Setting Communication Goals
00:24:25
Speaker
That is very different from someone who has already invested in your technology and trying to figure out if this is something to invest further in or make a slight pivot. So I think that is really important to realize that we are asking students who will be effective communicators of the future to really think two, three steps ahead of how their message would be utilized. Right. What is it that I'm trying to communicate? What do I want to happen? Can I get this audience there in the genre or time that I'm given? And if not, what needs to be my intermediary goal?
00:25:02
Speaker
Exactly and we have this microphone in front of me and that reminds me during one of my graduate level classes I had a faculty who draw a microphone and kind of headphone around and he was saying everyone is tuned into this FM station called the VFM. It's W-I-I-F-M which says what's in it for me.
00:25:25
Speaker
So everyone cares about what is this information going to do for me?
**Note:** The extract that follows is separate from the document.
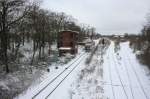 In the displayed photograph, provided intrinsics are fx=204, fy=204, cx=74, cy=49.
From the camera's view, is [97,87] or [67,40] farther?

And now if you are training our students to have that awareness and make sure that whatever they are saying has an actionable component for their user, immediately they will have an interest and attention from the audience. Right. Exactly. Is there any more implicit tasks that we haven't talked about yet? The trustworthiness threshold. It's a tricky one.
00:25:53
Speaker
The trustworthiness threshold in determining that as the writer really ties into the others because you have to determine what kind of ethos or trustworthiness you have already and whether or not maybe that has some baggage to it that's dragging you down or it has some credibility to it that is bringing you up like your company name. And then how much credibility do you need to add in the communication? How specific do you need to be with the data?
00:26:26
Speaker
to get your audience to believe you, to trust you, without overburdening the cognitive load. Yes, and um I think one of the parallels, if you see, in research journals you could find is one of the characteristics of a good journal paper is that all the methods are repeatable. And you will see all that if a researcher publishes a paper, they are very detailed about how they conducted the experiment. Because if others can replicate that, then it suddenly shows trustworthiness.
00:27:00
Speaker
Right, and it's like expectation of the genre for that audience because that audience has a really high threshold for trustworthiness. Exactly. So getting back to this experience of where students are maybe designing a product or sharing data from an experimental lab, it's important for them to realize that how would the audience believe and trust in them?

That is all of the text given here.